21.9.14

Rie Nakajima & Phill Niblock

1 Bag 20:58
2 Rie Nakajima & Phill Niblock 39:41

Despite having known each other for many years, and having a long-held affinity for each other's work, this recording documents the first time Rie Nakajima and Phill Niblock had collaborated together. Recorded in September 2014, the work includes Niblock’s sound collage piece “Crick” and Nakajima performing in response to Niblock’s early seventies film "T H I R”.

Also included in Niblock’s piece ‘Bag’ which was presented on the same night and features David Watson performing on bagpipes.  This recording is from Niblock’s original files.

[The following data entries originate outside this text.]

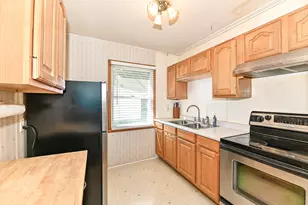 250 Luedtke Ave, Racine, WI 53405 - Photo 7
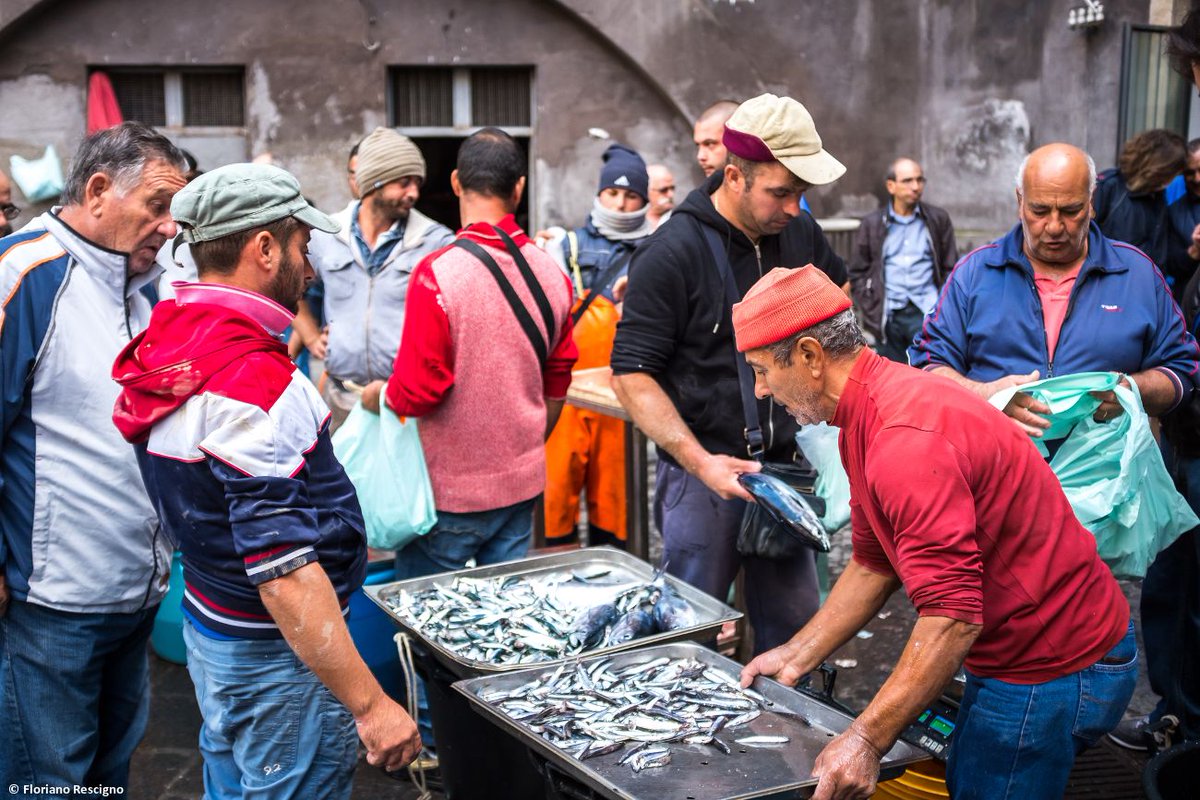 mercato pesce catania itinerario sicilia orientale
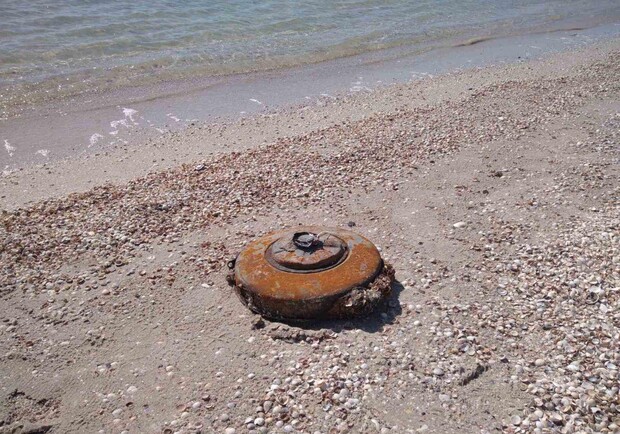 На пляже в Кирилловке нашли противотанковую мину. Фото: ГСЧС
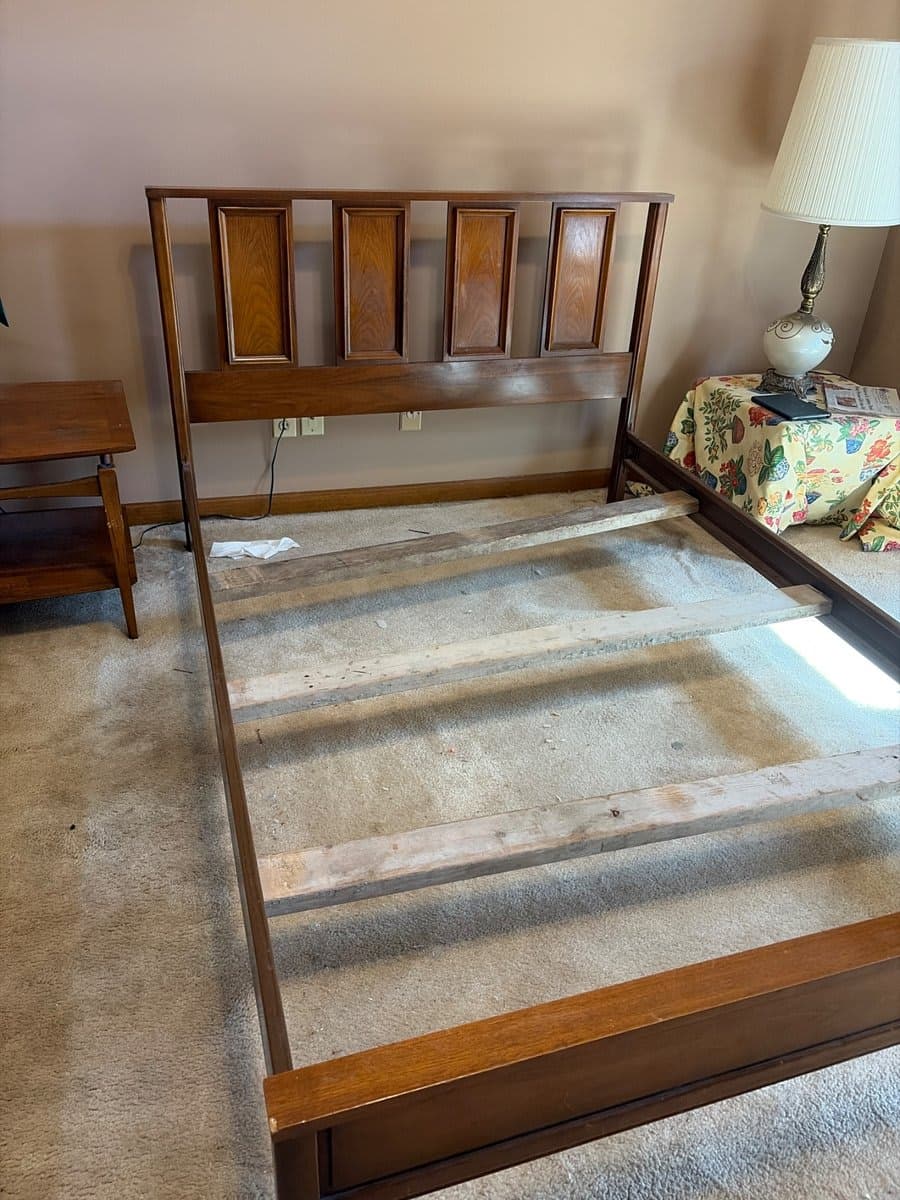Mid-Century Modern Walnut Queen Bed Frame - photo 1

Rie Nakajima / objects (1)
Phill Niblock / computer
David Watson / bagpipes (2)

Track 1 recorded by Mark Jasper at Cafe OTO on Sunday 21 September 2014. Mixed by James Dunn.  Track 2 recorded and mixed by Phill Niblock. Mastered by Andreas [LUPO] Lubich at Calyx, Berlin. Photograph by Fabio Lugaro. 

Rie Nakajima

Rie Nakajima is a sculptor living in London. She creates sounds using a combination of motorised devices and everyday objects in the context of installations and performances.
Her art exists on the borderline of sculpture and music, open to chance and the influence of others. Improvisation is at the heart of her work.
The first major solo exhibition was held at IKON Gallery in Birmingham in 2018. She has also worked with Museo Vostell Malpartida (Cáceres), Annely Juda Gallery (London), Association de Le Cyclop (Milly la Forêt), ShugoArts (Tokyo), Donaueschinger Music Festival (Donaueschinger), Festival Météo (Mulhouse), Music for the Eyes Festival (Varmlands), Deep Time Festival (Edinburgh), Punkt Festival (Kristiansand), All Ears Festival (Oslo), Festival Archipel (Geneva), Cafe OTO (London) and many others. Collaboration is an essential part of her practice with frequent collaborators, Pierre Berthet, Angharad Davies, David Cunningham, Keiko Yamamoto, Max Eastley, Miki Yui, hans.w.koch, Marie Roux, Billy Steiger, David Toop and Akira Sakata.

www.rienakajima.com

Phill Niblock

Phill Niblock is a New York-based minimalist composer and multi-media musician and director of Experimental Intermedia, a foundation born in the flames of 1968's barricade-hopping. He has been a maverick presence on the fringes of the avant garde ever since. Niblock constructs big 24-track digitally-processed monolithic microtonal drones. Changes are almost imperceptible, and his music has a tendency of creeping up on you. He says: "What I am doing with my music is to produce something without rhythm or melody, by using many microtones that cause movements very, very slowly." Niblock's performances are almost always accompanied by his films - painstaking studies of manual labour, giving a poetic dignity to sheer gruelling slog of fishermen at work, rice-planters, log-splitters, water-hole dredgers and other back-breaking toilers. Since 1968 Phill has also put on over 1000 concerts in his loft space, including Ryoji Ikeda, Zbigniew Karkowski, Jim O'Rourke.